((

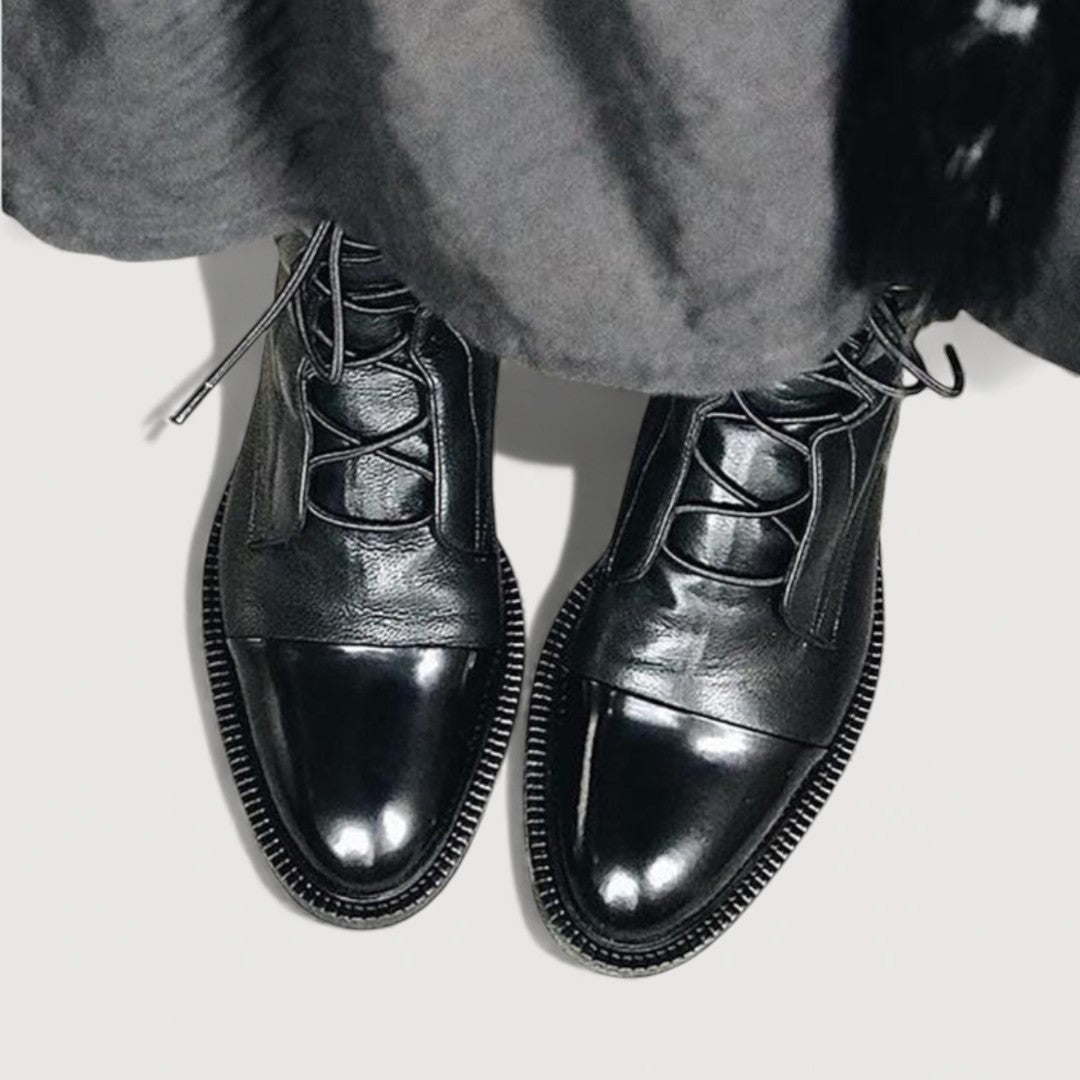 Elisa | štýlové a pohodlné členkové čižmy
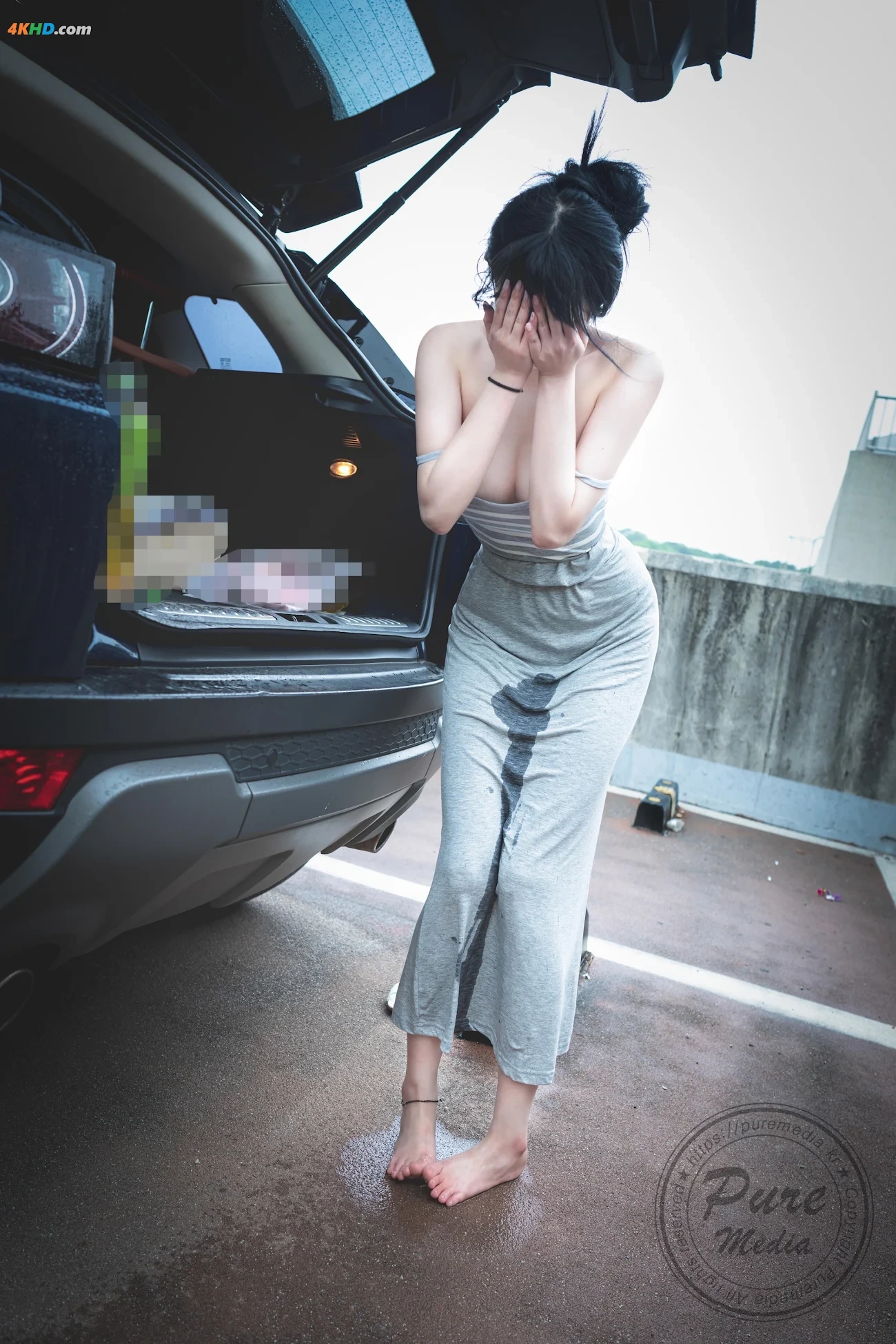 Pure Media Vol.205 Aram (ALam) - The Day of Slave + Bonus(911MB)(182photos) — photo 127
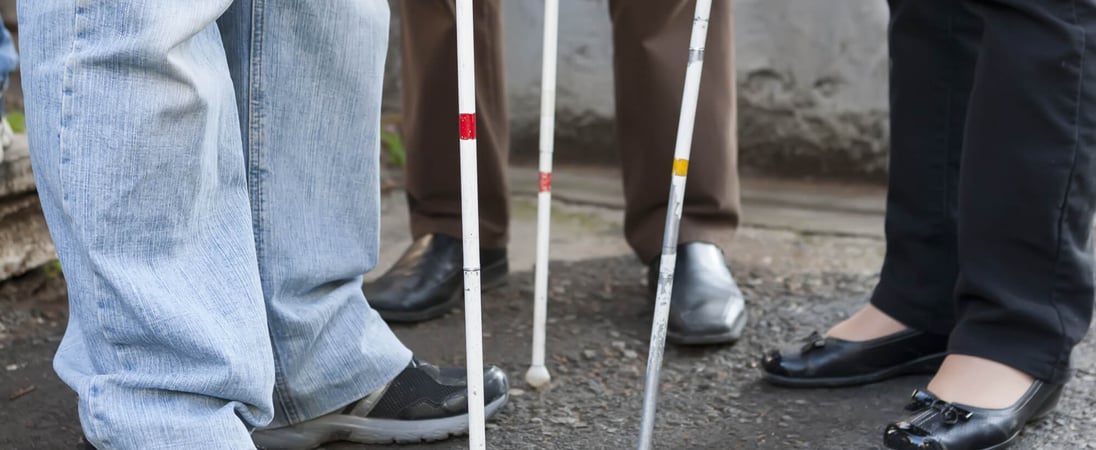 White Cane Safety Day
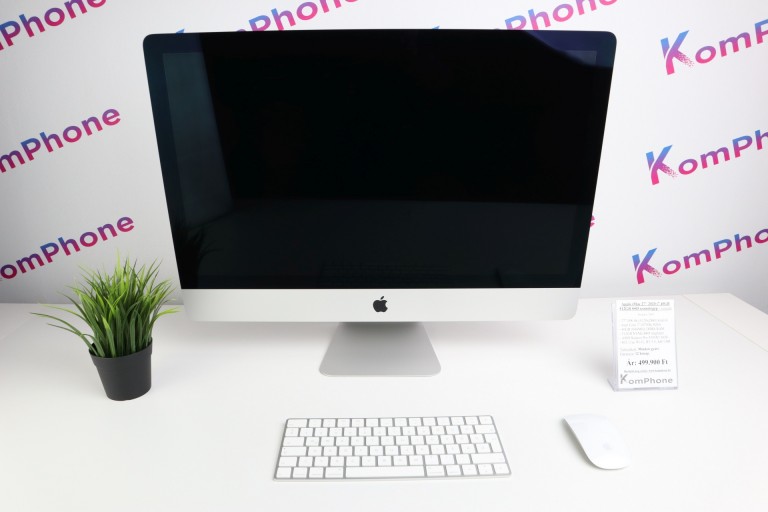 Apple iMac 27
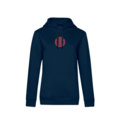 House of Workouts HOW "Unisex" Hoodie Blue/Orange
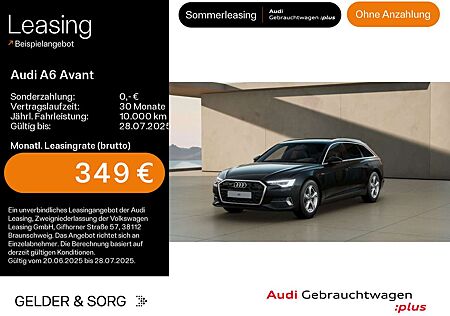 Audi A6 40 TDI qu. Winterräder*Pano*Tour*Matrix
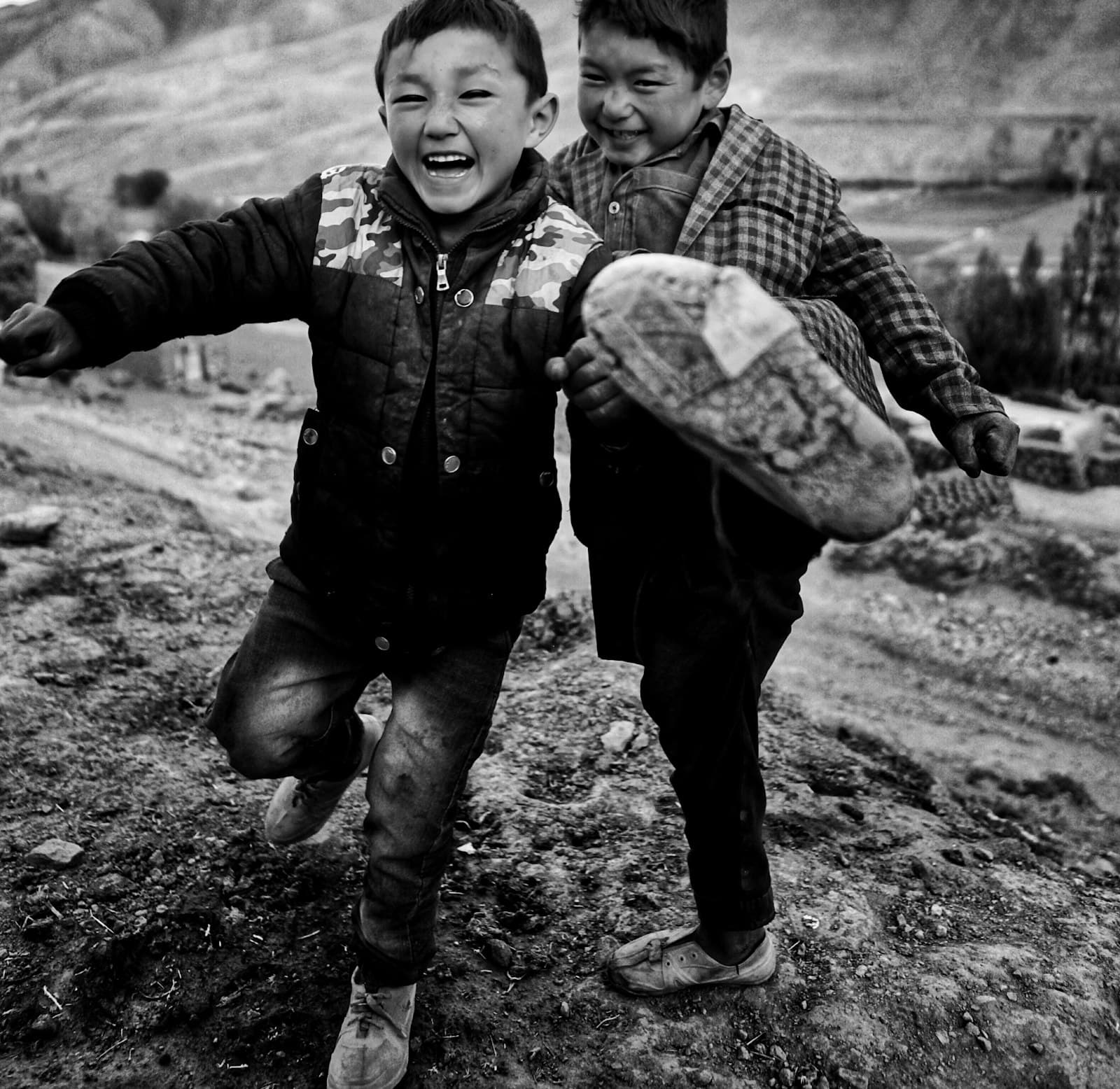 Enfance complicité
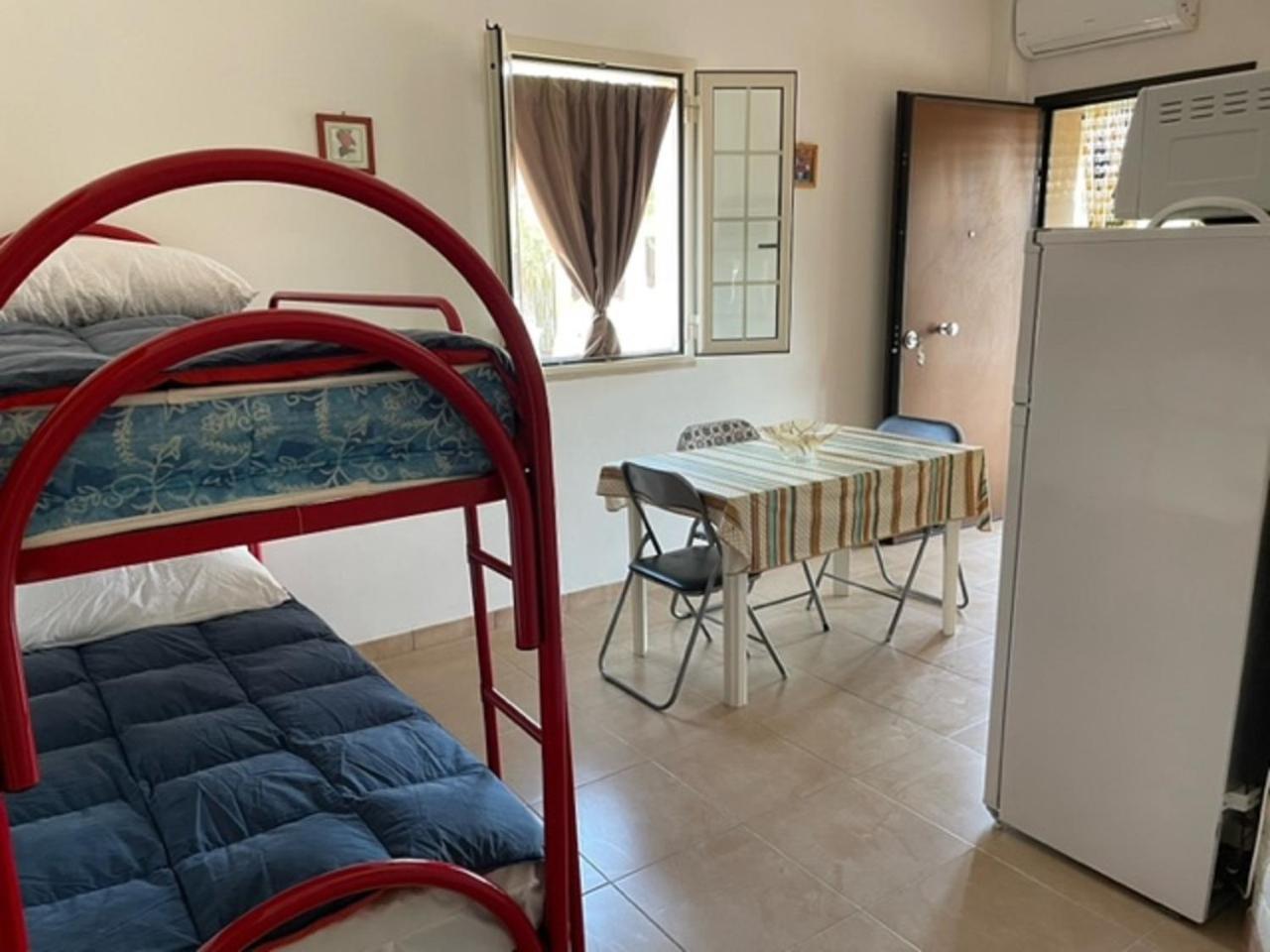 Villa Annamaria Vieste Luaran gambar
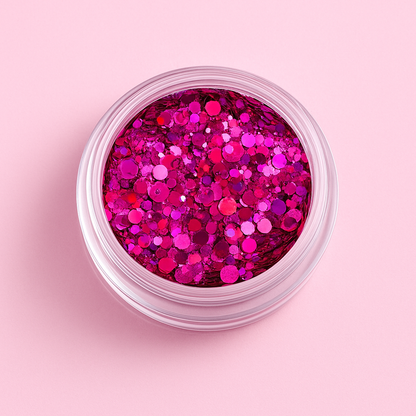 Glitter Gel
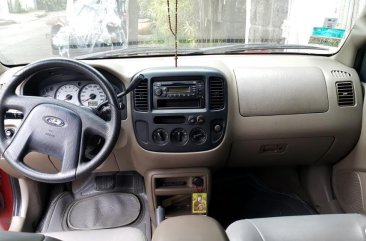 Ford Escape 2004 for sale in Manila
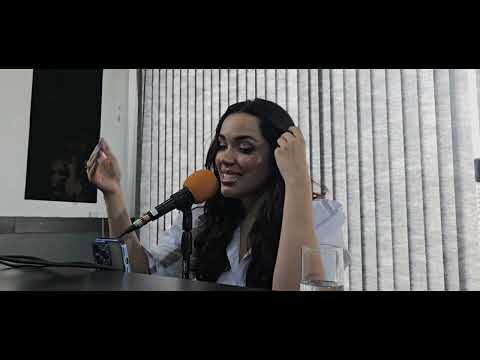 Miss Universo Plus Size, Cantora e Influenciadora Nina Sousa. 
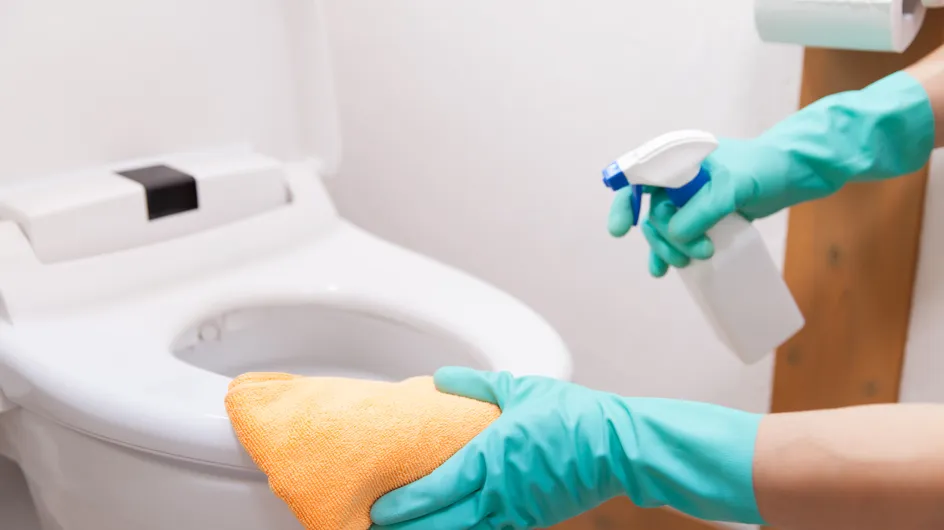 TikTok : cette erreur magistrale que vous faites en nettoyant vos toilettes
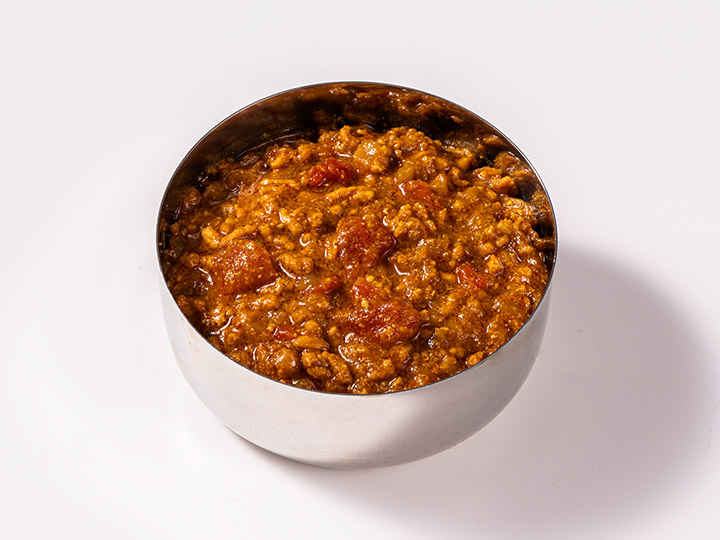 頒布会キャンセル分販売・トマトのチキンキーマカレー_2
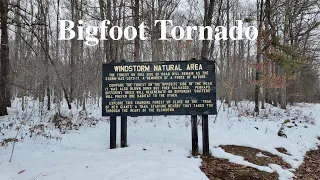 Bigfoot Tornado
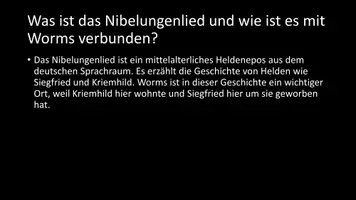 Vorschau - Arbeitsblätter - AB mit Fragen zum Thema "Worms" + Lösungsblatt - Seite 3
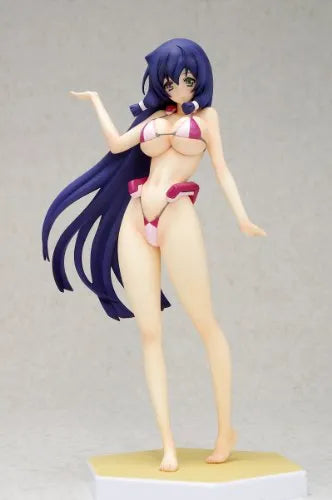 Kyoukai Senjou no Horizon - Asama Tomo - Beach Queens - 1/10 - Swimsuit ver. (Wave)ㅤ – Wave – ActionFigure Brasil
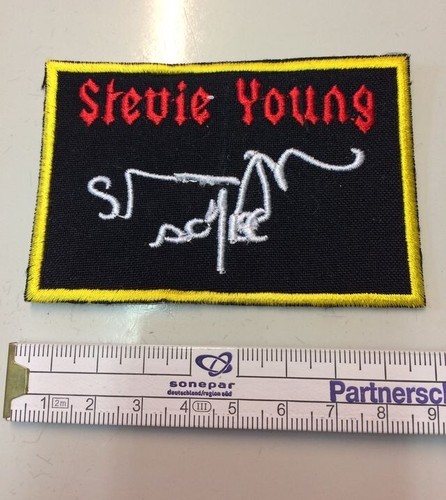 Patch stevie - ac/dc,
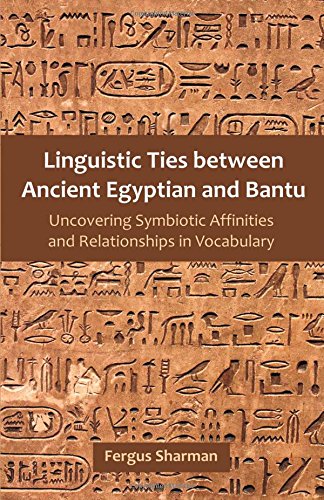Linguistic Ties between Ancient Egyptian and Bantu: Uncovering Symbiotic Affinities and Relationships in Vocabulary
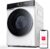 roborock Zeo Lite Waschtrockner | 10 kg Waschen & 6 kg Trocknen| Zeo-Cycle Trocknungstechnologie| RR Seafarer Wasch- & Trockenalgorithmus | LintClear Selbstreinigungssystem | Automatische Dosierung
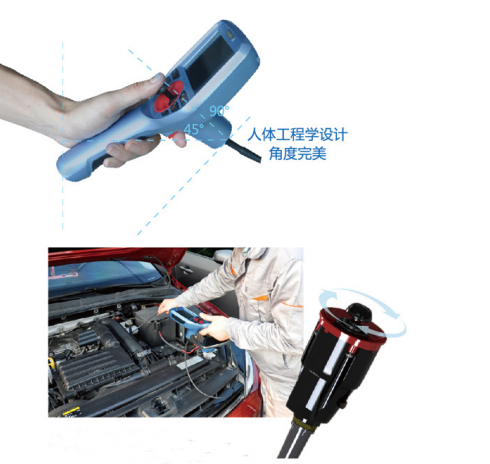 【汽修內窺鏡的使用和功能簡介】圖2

))

■ **Work to complete**
Exclude all images and retype the data precisely.

■ **Task response**
 Elisa | štýlové a pohodlné členkové čižmy
 Pure Media Vol.205 Aram (ALam) - The Day of Slave + Bonus(911MB)(182photos) — photo 127
 White Cane Safety Day
 Apple iMac 27
 House of Workouts HOW "Unisex" Hoodie Blue/Orange
 Audi A6 40 TDI qu. Winterräder*Pano*Tour*Matrix
 Enfance complicité
 Villa Annamaria Vieste Luaran gambar
 Glitter Gel
 Ford Escape 2004 for sale in Manila
 Miss Universo Plus Size, Cantora e Influenciadora Nina Sousa. 
 TikTok : cette erreur magistrale que vous faites en nettoyant vos toilettes
 頒布会キャンセル分販売・トマトのチキンキーマカレー_2
 Bigfoot Tornado
 Vorschau - Arbeitsblätter - AB mit Fragen zum Thema "Worms" + Lösungsblatt - Seite 3
 Kyoukai Senjou no Horizon - Asama Tomo - Beach Queens - 1/10 - Swimsuit ver. (Wave)ㅤ – Wave – ActionFigure Brasil
 Patch stevie - ac/dc,
Linguistic Ties between Ancient Egyptian and Bantu: Uncovering Symbiotic Affinities and Relationships in Vocabulary
 roborock Zeo Lite Waschtrockner | 10 kg Waschen & 6 kg Trocknen| Zeo-Cycle Trocknungstechnologie| RR Seafarer Wasch- & Trockenalgorithmus | LintClear Selbstreinigungssystem | Automatische Dosierung
 【汽修內窺鏡的使用和功能簡介】圖2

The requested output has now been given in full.